Data analysis is the means through which investigators can communicate valuable information about the exposure-disease pathway. In other words, what is there an association between the exposure of interest and the health outcome of interest? If so, what is the nature of this relationship? While statistical numbers and visual displays are an important component of the data analysis, there are other aspects. When thinking about data analysis, the items below provide a more comprehensive look at data analysis.

- Develop a plan for managing and analyzing data
- Evaluate quality of data and determine final sample values
- Look at the data! Graphical displays such as histograms (distribution) and scatter plots
- Descriptive statistics (n, mean, median, standard deviation, range)
- Consider possible exposure indices of interest (intensity, duration, cumulative, etc.)

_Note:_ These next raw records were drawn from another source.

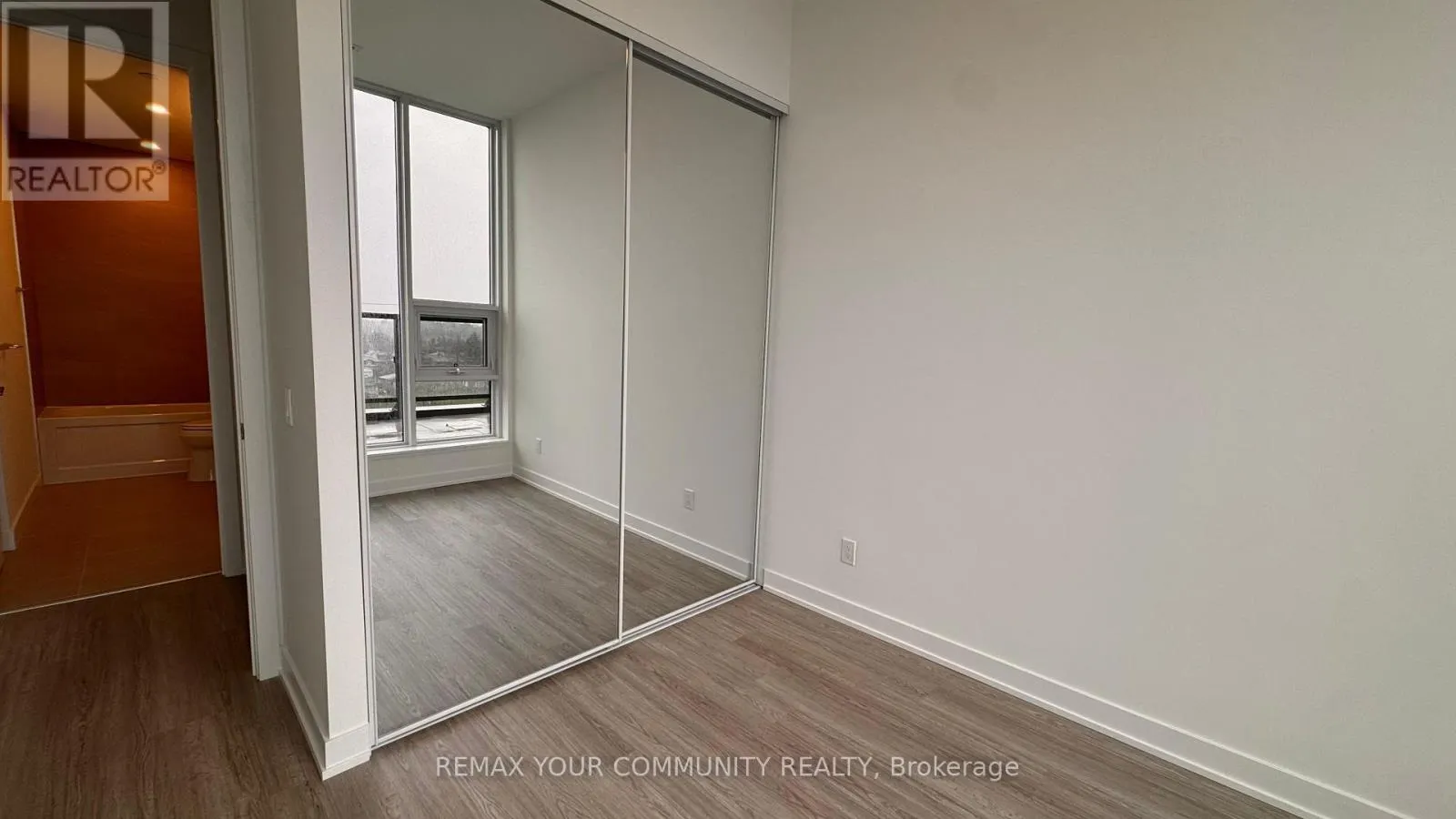 1004 - 8188 YONGE STREET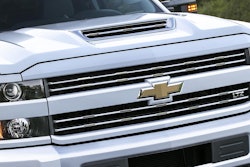 2017-Chevrolet-Silverado-2500HD-004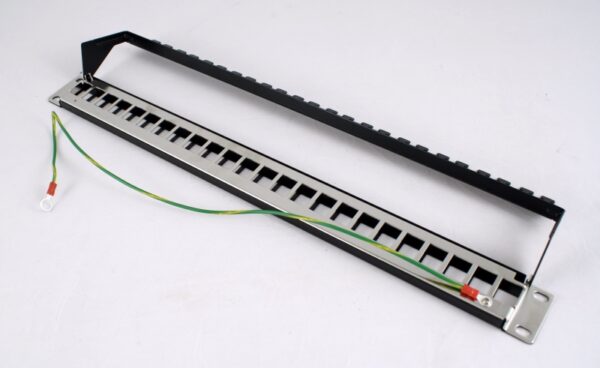 Патч-панель під 24 модуля Keystone (slim), 1U із заднім організатором, EPNew - Зображення 4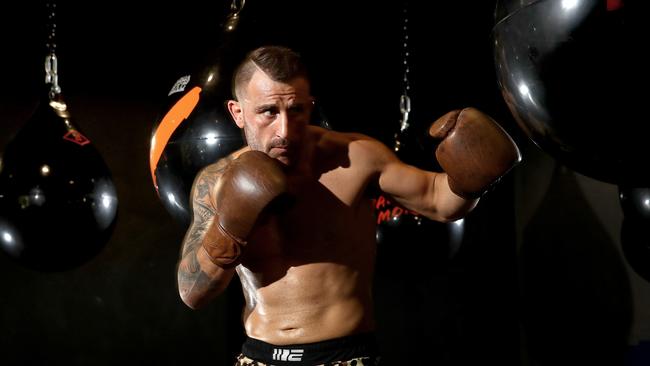 Wollongong fighter Alex Volkanovski is challenging for the UFC featherweight title in Las Vegas next month. Picture: Toby Zerna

Maintaining the integrity of data collected and having a protocol for how that data will be coded and analyzed is essential to any exposure assessment. A data management plan is a formal document developed by investigators in the design phase of a study that describes how investigators will handle the data during and after the study. There are three key stages that can be considered integral to any data management plan: preparatory, data organization, and analysis and dissemination .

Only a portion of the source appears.